## Exercise prompt
Give again only the lines from the line that holds "VASO 5634/C" to the end of the data, inclusive, omitting all pictures.

(Short descriptive text snippets)
────

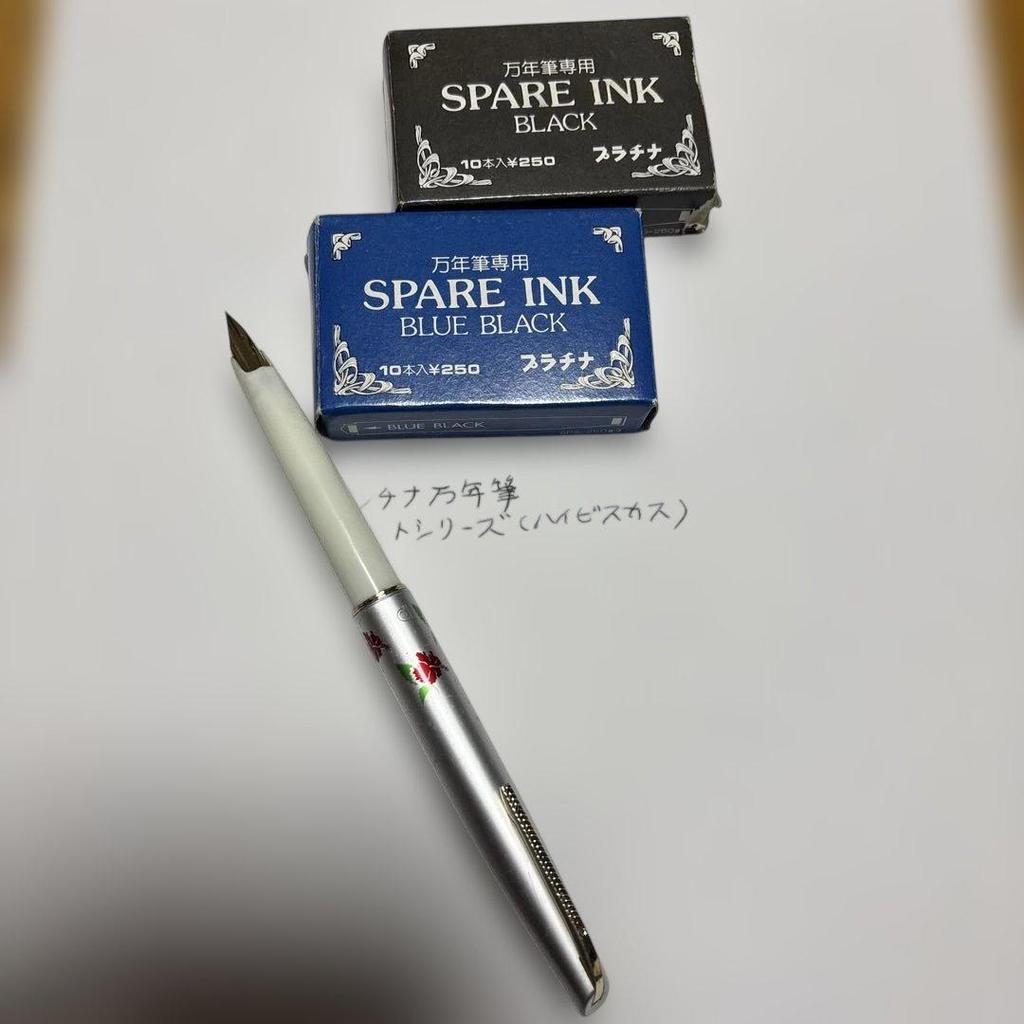 Used Platinum Fountain Pen Hibiscus Pattern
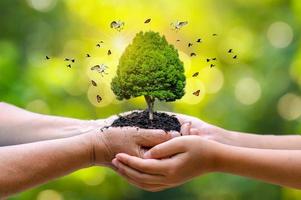 In the hands of trees growing seedlings. Bokeh green Background Female hand holding tree on nature field grass Forest conservation concept photo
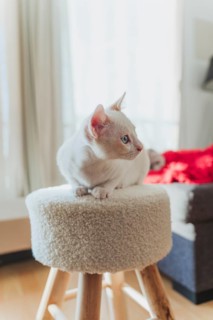 A white cat with blue eyes relaxes on a fluffy stool in a cozy home interior. Sunlight filters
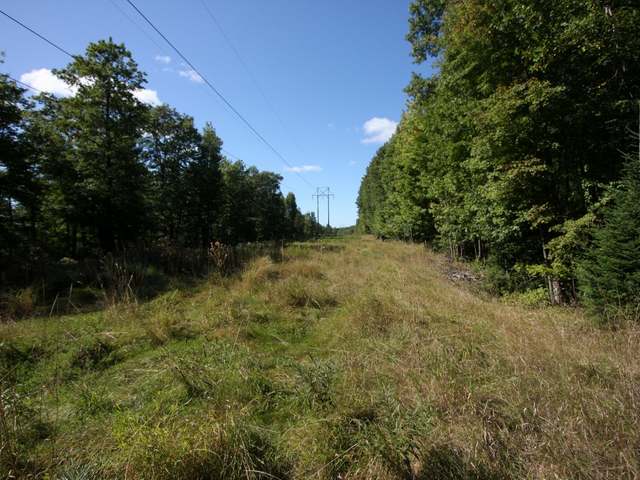 On Northwestern Drive Rhinelander, WI 54501 - Photo 10 of 12 Gallery Image 10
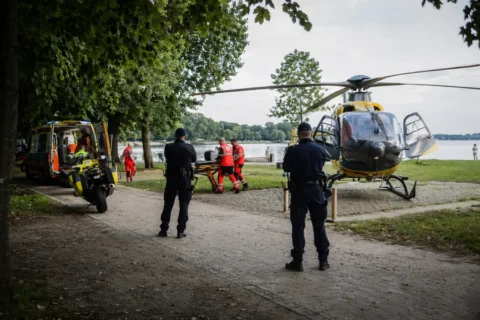 Pięciolatek użądlony w podniebienie w Paprocanach – akcja służb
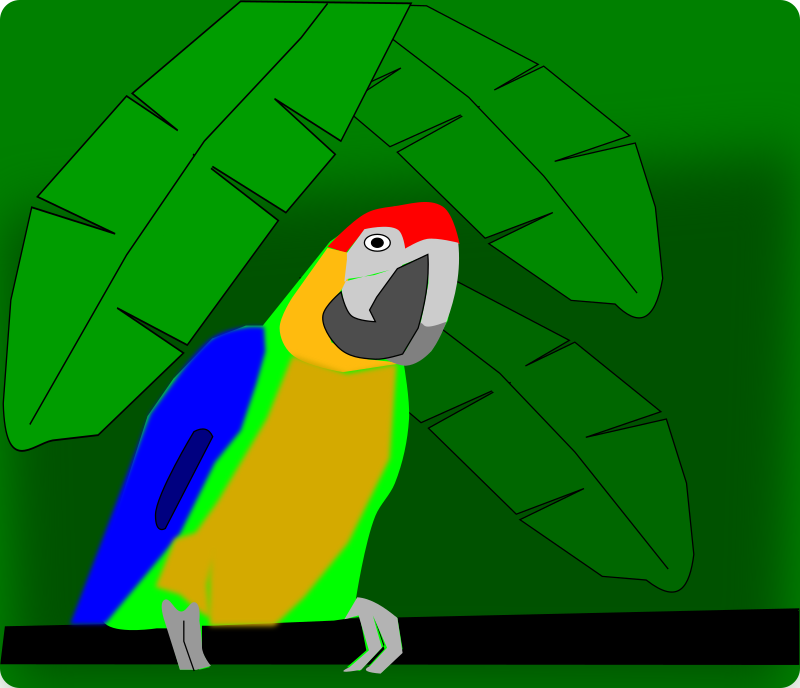 Parrot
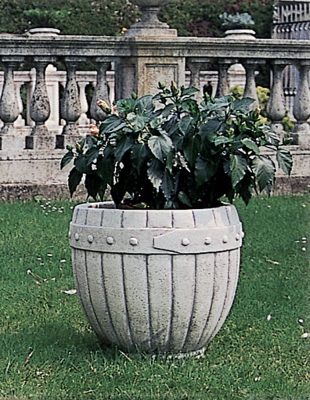 VASO 5634/C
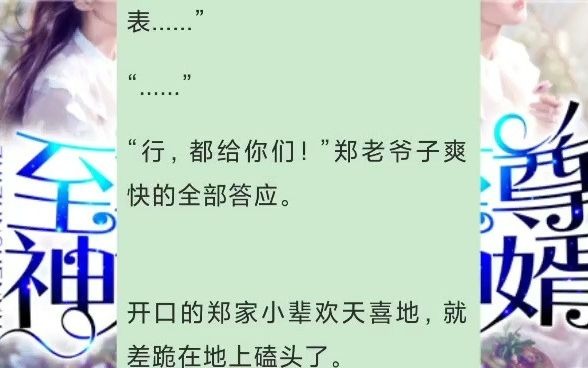 超级狂婿小说,至尊神婿叶昊郑漫儿全集阅读哔哩哔哩bilibili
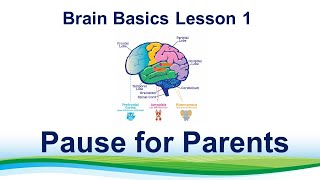 Details Pause for Parents Brain Basics Lesson 1 News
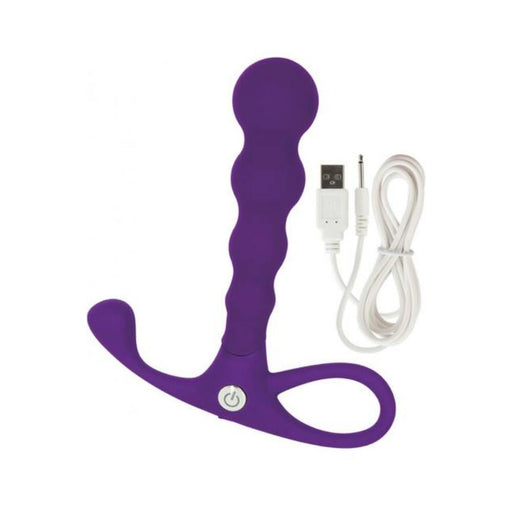 Embrace Beaded Anal Probe Purple | SexToy.com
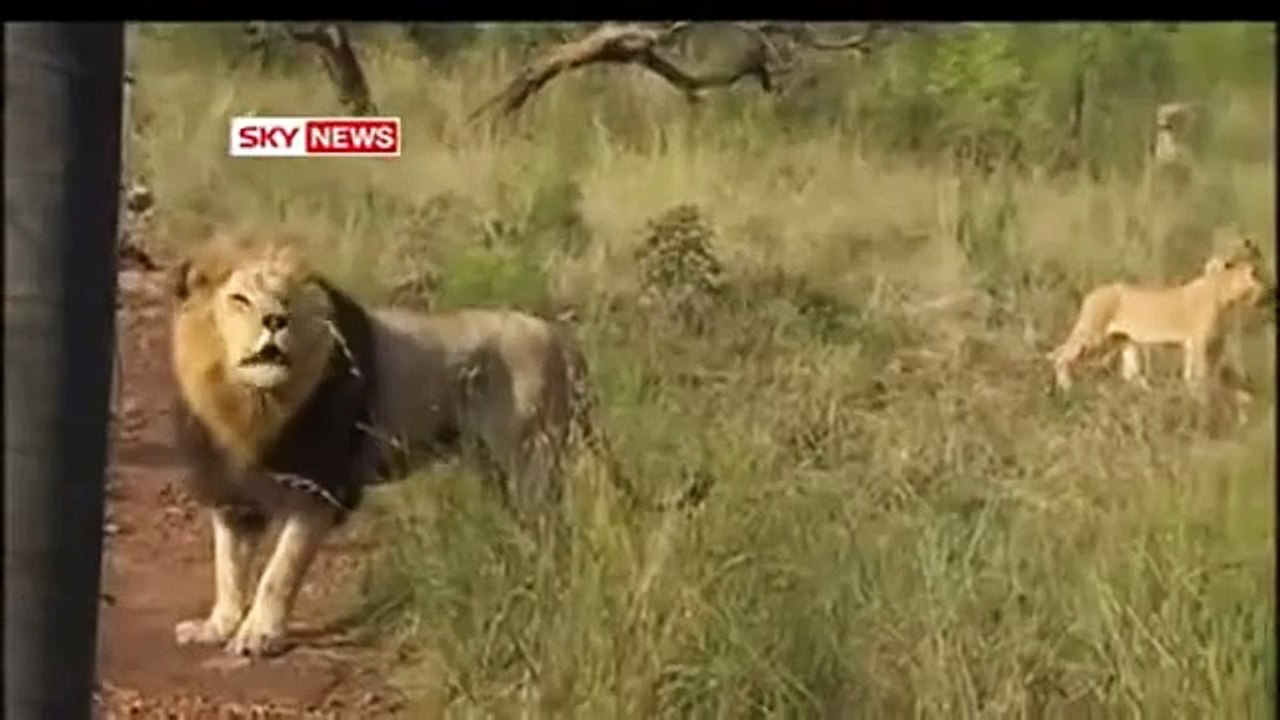 Man Playing with Lions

────

## Output for this exercise
 VASO 5634/C
 超级狂婿小说,至尊神婿叶昊郑漫儿全集阅读哔哩哔哩bilibili
 Details Pause for Parents Brain Basics Lesson 1 News
 Embrace Beaded Anal Probe Purple | SexToy.com
 Man Playing with Lions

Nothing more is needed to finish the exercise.